What should be copied is the stretch of entries below from the line with "AUDI 4.2 V8 FSI quattro-image-2" up to and including the line with "Escorts Surrey Guildford", exactly and without images.

=== SUPPLIED INFORMATION ===

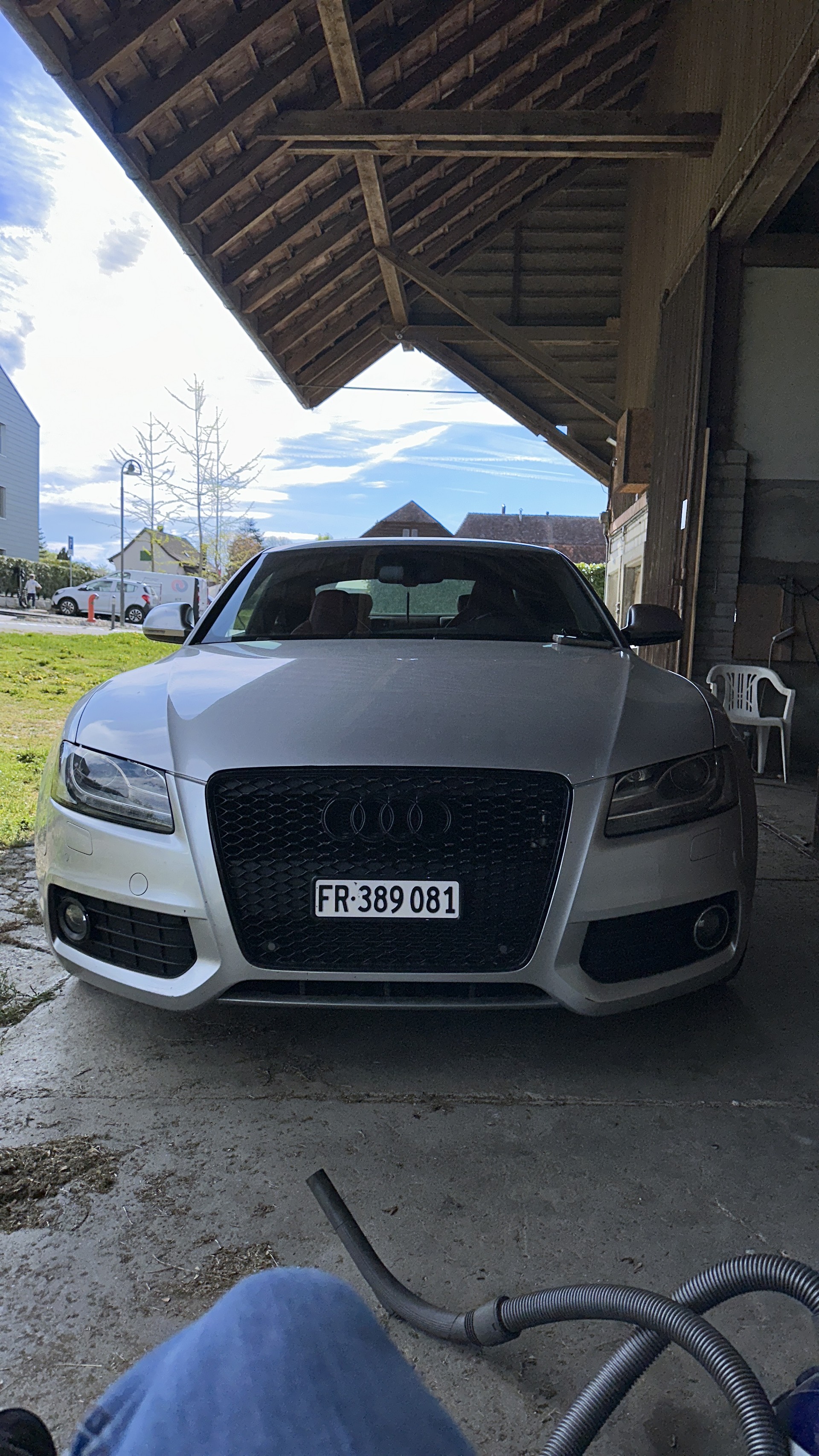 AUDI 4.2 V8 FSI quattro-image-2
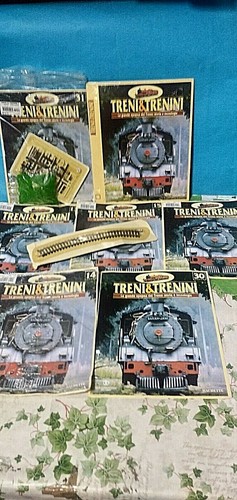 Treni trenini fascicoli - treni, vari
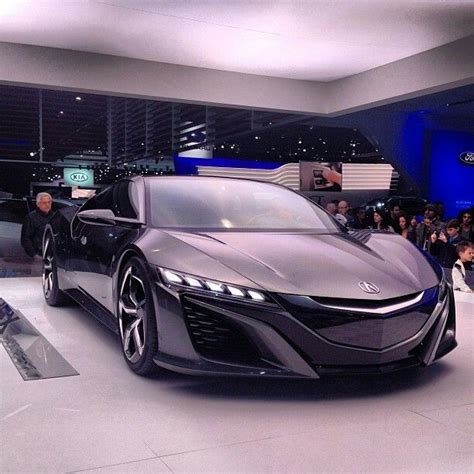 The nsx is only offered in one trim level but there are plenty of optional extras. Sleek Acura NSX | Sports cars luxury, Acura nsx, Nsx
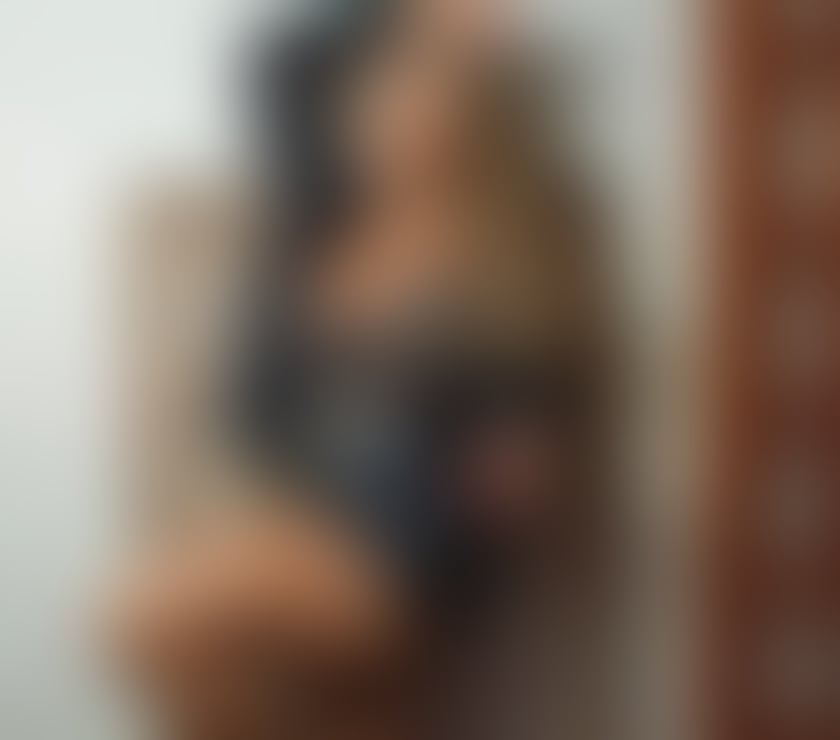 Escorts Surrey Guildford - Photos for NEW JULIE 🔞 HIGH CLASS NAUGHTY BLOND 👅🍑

===
=== SUPPLIED INFORMATION ===

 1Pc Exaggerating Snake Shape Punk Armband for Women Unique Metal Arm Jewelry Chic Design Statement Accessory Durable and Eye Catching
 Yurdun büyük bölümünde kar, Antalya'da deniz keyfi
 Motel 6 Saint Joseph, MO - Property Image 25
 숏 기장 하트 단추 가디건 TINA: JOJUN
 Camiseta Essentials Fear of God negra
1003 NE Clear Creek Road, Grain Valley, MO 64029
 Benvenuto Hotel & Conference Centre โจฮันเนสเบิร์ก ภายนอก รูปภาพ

===
=== SUPPLIED INFORMATION ===

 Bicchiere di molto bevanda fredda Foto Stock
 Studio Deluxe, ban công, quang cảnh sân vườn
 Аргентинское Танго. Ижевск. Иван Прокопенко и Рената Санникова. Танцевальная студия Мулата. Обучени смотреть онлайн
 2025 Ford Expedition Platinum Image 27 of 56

===

ANSWER FOR THE TASK:
 AUDI 4.2 V8 FSI quattro-image-2
 Treni trenini fascicoli - treni, vari
 The nsx is only offered in one trim level but there are plenty of optional extras. Sleek Acura NSX | Sports cars luxury, Acura nsx, Nsx
 Escorts Surrey Guildford - Photos for NEW JULIE 🔞 HIGH CLASS NAUGHTY BLOND 👅🍑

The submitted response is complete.